He who lets the world, or his own portion of it, choose his plan of life for him, has no need of any other faculty than the ape-like one of imitation. He who chooses his plan for himself, employs all his faculties. He must use observation to see, reasoning and judgment to foresee, activity to gather materials for decision, discrimination to decide, and when he has decided, firmness and self-control to hold to his deliberate decision. Mill, John Stuart. On Liberty. 1859.
I had thought of amending John Stuart Mill’s quote, just a little, to include women in there too but I thought that would be rather sacrilegious to one of our great thinkers! I chose this particular quote, out of the many thousands I could have selected, because it says exactly what I feel about life, thinking and writing. I admit that I love John Stuart Mill’s On Liberty, having read it over and over again during my first year as an undergraduate (many, many moons ago now), and then having to dissect it and pull out the elements of it that I felt were most important to answer the essay question I had been given concerning his political theory. Heavy going? Yes, but also very rewarding as so much of what he opined resonates with me.

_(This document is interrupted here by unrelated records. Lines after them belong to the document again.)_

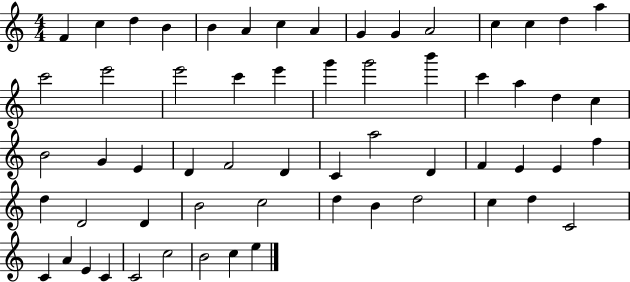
F4/q C5/q D5/q B4/q B4/q A4/q C5/q A4/q G4/q G4/q A4/h C5/q C5/q D5/q A5/q C6/h E6/h E6/h C6/q E6/q G6/q G6/h B6/q C6/q A5/q D5/q C5/q B4/h G4/q E4/q D4/q F4/h D4/q C4/q A5/h D4/q F4/q E4/q E4/q F5/q D5/q D4/h D4/q B4/h C5/h D5/q B4/q D5/h C5/q D5/q C4/h C4/q A4/q E4/q C4/q C4/h C5/h B4/h C5/q E5/q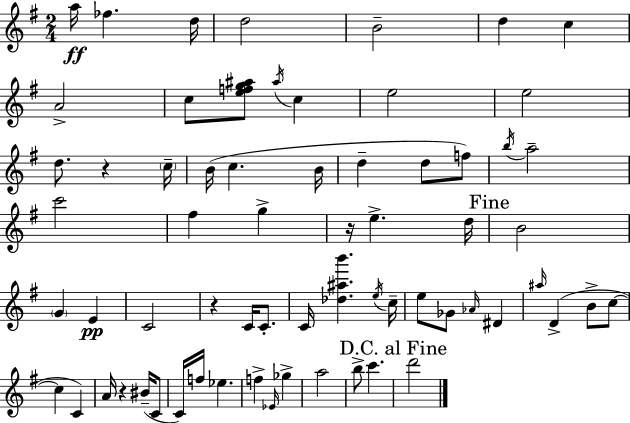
{
  \clef treble
  \numericTimeSignature
  \time 2/4
  \key g \major
  a''16\ff fes''4. d''16 | d''2 | b'2-- | d''4 c''4 | \break a'2-> | c''8 <e'' f'' g'' ais''>8 \acciaccatura { ais''16 } c''4 | e''2 | e''2 | \break d''8. r4 | \parenthesize c''16-- b'16( c''4. | b'16 d''4-- d''8 f''8) | \acciaccatura { b''16 } a''2-- | \break c'''2 | fis''4 g''4-> | r16 e''4.-> | d''16 \mark "Fine" b'2 | \break \parenthesize g'4 e'4\pp | c'2 | r4 c'16 c'8.-. | c'16 <des'' ais'' b'''>4. | \break \acciaccatura { e''16 } c''16-- e''8 ges'8 \grace { aes'16 } | dis'4 \grace { ais''16 } d'4->( | b'8-> c''8~~ c''4 | c'4) a'16 r4 | \break bis'16--( c'8 c'16) f''16 ees''4. | f''4-> | \grace { ees'16 } ges''4-> a''2 | b''8-> | \break c'''4. \mark "D.C. al Fine" d'''2 | \bar "|."
}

For Mill it was important that each individual thought for themselves and came to their own conclusions about how to ensure fulfilment in life (or ‘happiness’ as he termed it), as we are all unique and need to understand both ourselves and the world around us if we are to amount to more than a homogeneous, unthinking mass following orders. Mill uses the term ‘apes’ to get his meaning across to his audience, a term we would no longer use as we know that primates are more than capable of figuring out incredibly complex puzzles and situations. However, it would appear that humans are, all too often, willing to follow the flow, to accept whatever is given to them as their lot in life and not to attempt to change it. We all know someone who has not given themselves the proverbial ‘kick’ and just let life carry him/her along. I think that the very act of writing anything is an attempt to make some sort of change, even if only in oneself.
Characterisation, plot, scene setting – all are elements which require the writer to make giant leaps of imagination, to take risks, to create drama and tension, to have his/her characters do things which s/he would not do in real life, to ask questions of the society s/he lives in and to provide answers which might shock or trouble his/her readers. The act of writing also ensures that we get to know ourselves so much better than we did. We have to make our characters do things that we simply would not or could not do in real life, and that means that we have to learn to think like them, to understand where they are coming from, to follow through the consequences of those actions for our other characters whether we like it or not. It means becoming aware, at a very personal nature, of the way other people think and act, and of why they think and act that way. It means gaining a much better understanding of what it is to be human and what it is to feel fear, anger, oppression, helplessness, love, happiness and thankfulness.
Hopefully the very act of writing will make us more considerate humans.